We reject defendant's contention that the court erred in refusing to suppress identifications made by "Witness #2" and a codefendant on the ground that the photo array was unduly suggestive. "A photo array is unduly suggestive where some characteristic of one picture draws the viewer's attention to it, indicating that the police have made a particular selection" (People v Smiley, 49 AD3d 1299, 1300 [4th Dept 2008], lv denied 10 NY3d 870 [2008] [internal quotation marks omitted]). Here, the photographs in the array depict African-American males of similar age, with similar hairstyles, clothing, and physical features. Furthermore, all of the photographs are roughly the same size. Thus, "[t]he subjects depicted in the array were sufficiently similar in appearance so that the viewer's eye was not drawn to a particular photo in such a way as to indicate that the police were urging a particular selection" (People v Alston, 101 AD3d 1672, 1673 [4th Dept 2012] [internal quotation marks omitted]). The court therefore properly determined that "the People met their initial burden of establishing that the police conduct with respect to the photo array procedure was reasonable and that defendant failed to meet his ultimate burden of proving that the photo array was unduly suggestive" (id.). "Nor was there any evidence at the Wade hearing indicating that the identification procedures [otherwise] employed by the police were unduly suggestive" (People v Linder, 114 AD3d 1200, 1201 [4th Dept 2014], lv denied 23 NY3d 1022 [2014]).

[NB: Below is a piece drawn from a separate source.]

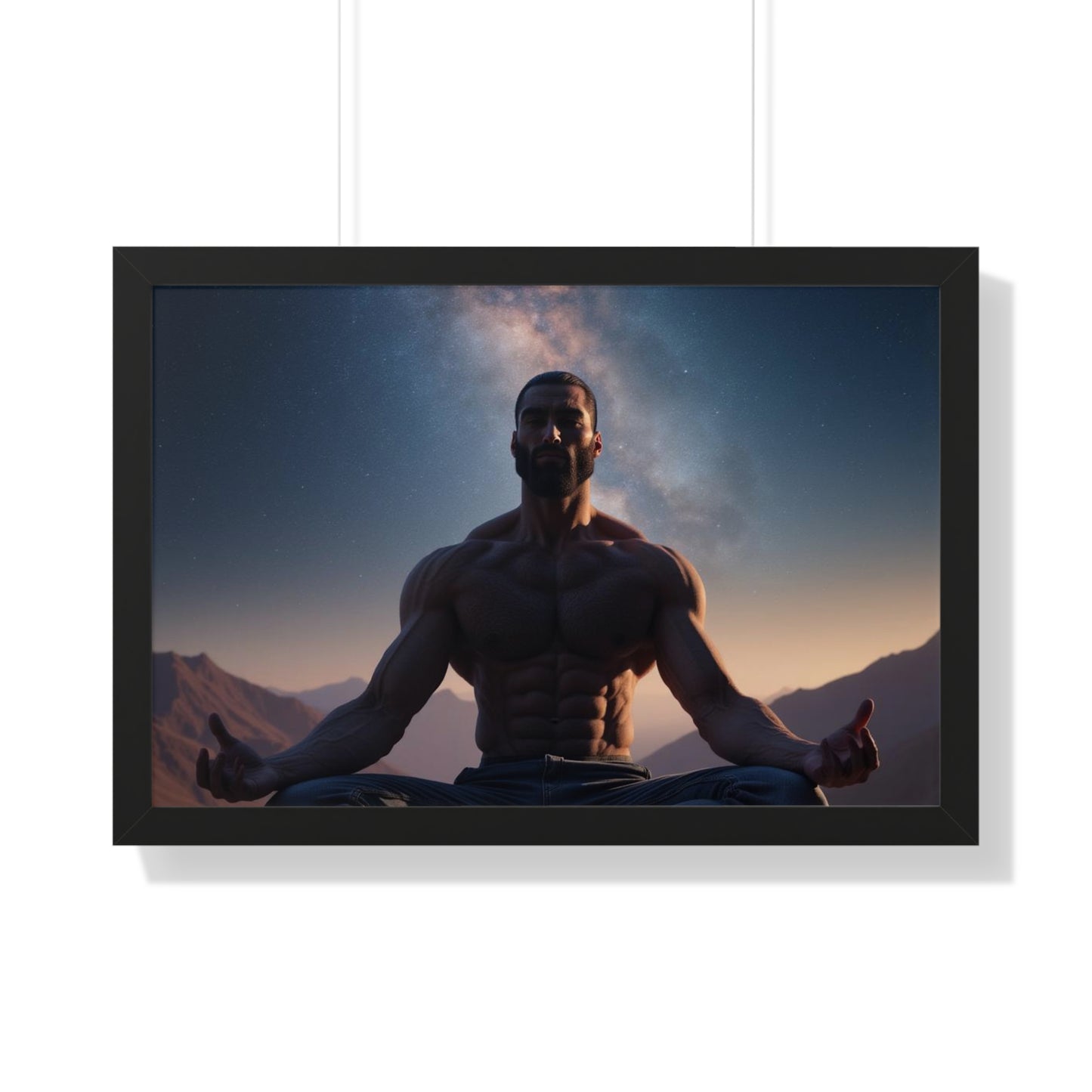 GIGA Meditation Framed Poster, Calm Art, Spiritual Wall Decor, Zen Home Decor, Fitness Motivation, Mindfulness Gift, Inspirational Art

We reject defendant's further contention that the People failed to establish that his statements were freely and voluntarily given. At the hybrid Huntley/Wade hearing, the People presented evidence that defendant's handcuffs were removed immediately at the outset of the interrogation and that defendant could read and write. Defendant was read his Miranda rights verbatim from a Miranda warnings card and, after being read those rights, defendant did not request an attorney or that those rights be further explained. Thereafter, defendant agreed to speak to the officers and waive his rights. Thus, "[t]he record of the suppression hearing supports the court's determination that the waiver by defendant of his Miranda rights was knowing, voluntary and intelligent" (People v Marvin, 68 AD3d 1729, 1729 [4th Dept 2009], lv denied 14 NY3d 842 [2010]).

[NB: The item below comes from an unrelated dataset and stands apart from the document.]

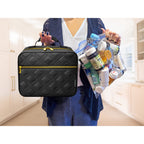 StarPlus2 Large Quilted Pill Bottle Organizer, Medicine Bag, Case, Carrier for Medications, Vitamins, and Medical Supplies - Tra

In his supplemental brief, defendant contends that he was deprived of effective assistance of counsel because defense counsel waived the Rodriguez hearing. Defendant failed, however, to

" demonstrate the absence of strategic or other legitimate explanations for counsel's failure to request [that] hearing. Absent such a showing, it will be presumed that counsel acted in a competent manner and exercised professional judgment in not pursuing a

hearing' " (People v Parker, 148 AD3d 1583, 1584 [4th Dept 2017], lv denied 29 NY3d 1084 [2017], quoting People v Rivera, 71 NY2d 705, 709 [1988]). Defendant also contends that he was deprived of effective assistance of counsel because defense counsel did not expressly state that he sought suppression of defendant's statements based on a lack of probable cause to arrest him. Defendant relies, however, upon matters outside the record in contending that he had a "colorable" claim to suppress those statements on the ground that he was arrested without probable cause. Thus, that contention "must be raised by way of a motion pursuant to CPL article 440" (People v Edwards, 151 AD3d 1832, 1833 [4th Dept 2017], lv denied 30 NY3d 949 [2017]).

Finally, we conclude that defendant's sentence is not unduly harsh or severe.